Today, on Memorial Day, I am thinking about this man, and many others I have met over the years.

I am thinking about my mechanic back in St. Louis, a man who was capable of figuring out (at small expense to me) my first car, a 1972 Chevelle that had been altered from automatic transmission to standard, three-on-the-tree. He worked in a garage where his wife kept the books and his buddy worked on the cars, and he oversaw things–telling stories and doing the car work, too, when no one else was there to talk to.

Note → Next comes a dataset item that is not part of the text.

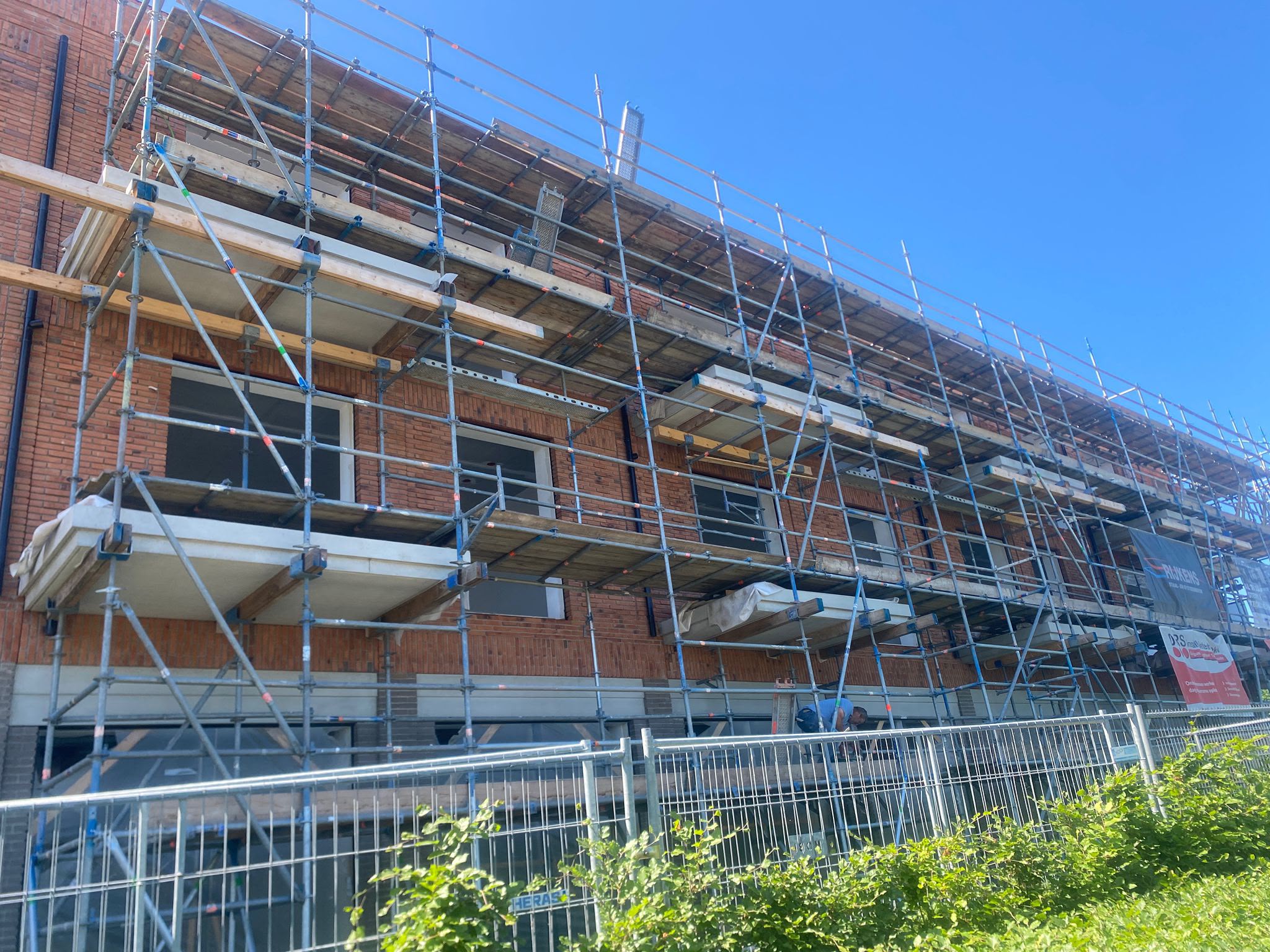 Steigerbouw voor gevelafwerking van een wooncomplex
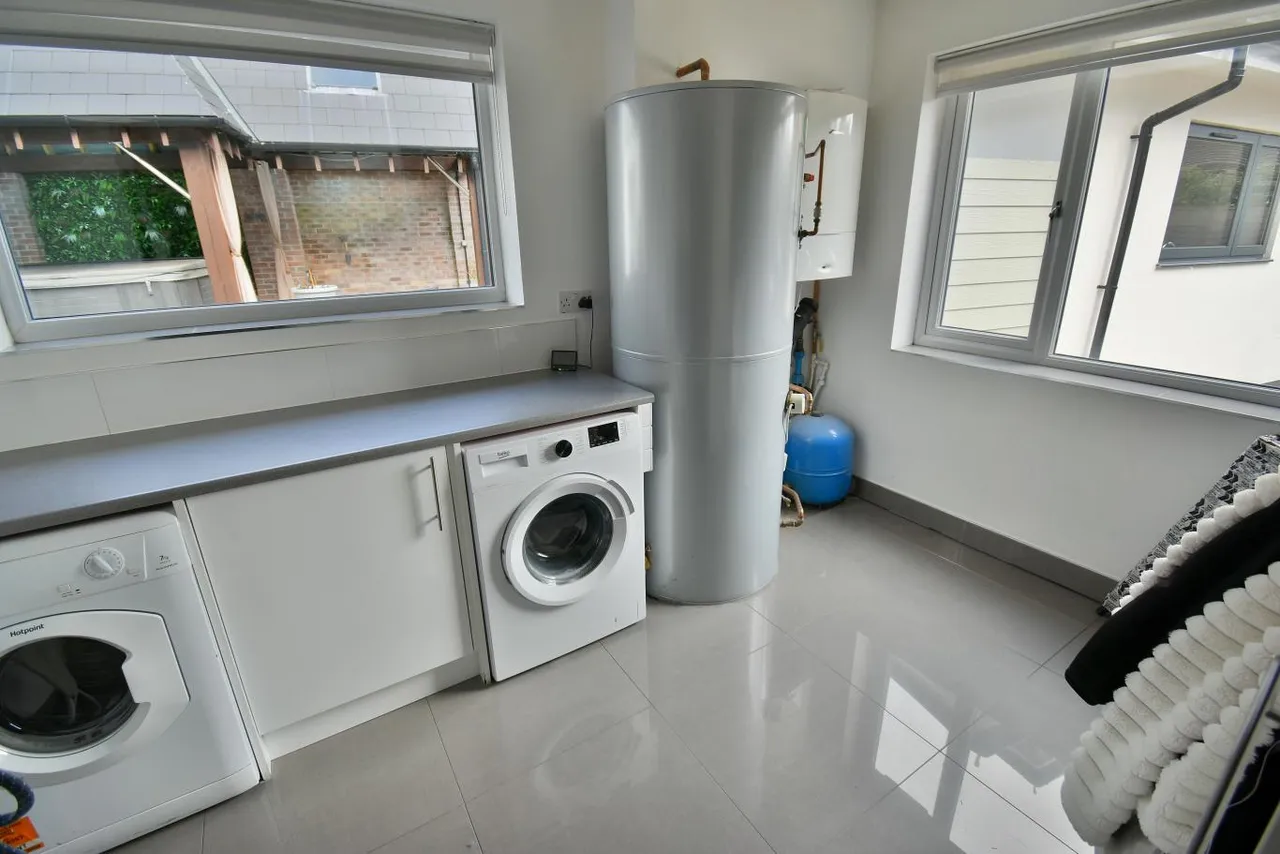 Church Road, BH22, photo 6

I am thinking about my neighbor, who was not such a storyteller, but one subject did inspire him, as it inspired many other people I grew up with–people whose tales became more real after my visits to the landing beaches in Normandy, after I heard stories, too, from the people who lived there. I am thinking about my uncle, his South Pacific stories. I am thinking about my dad who missed Korea by a weekend–he went home on leave before he was to depart, and the conflict ended.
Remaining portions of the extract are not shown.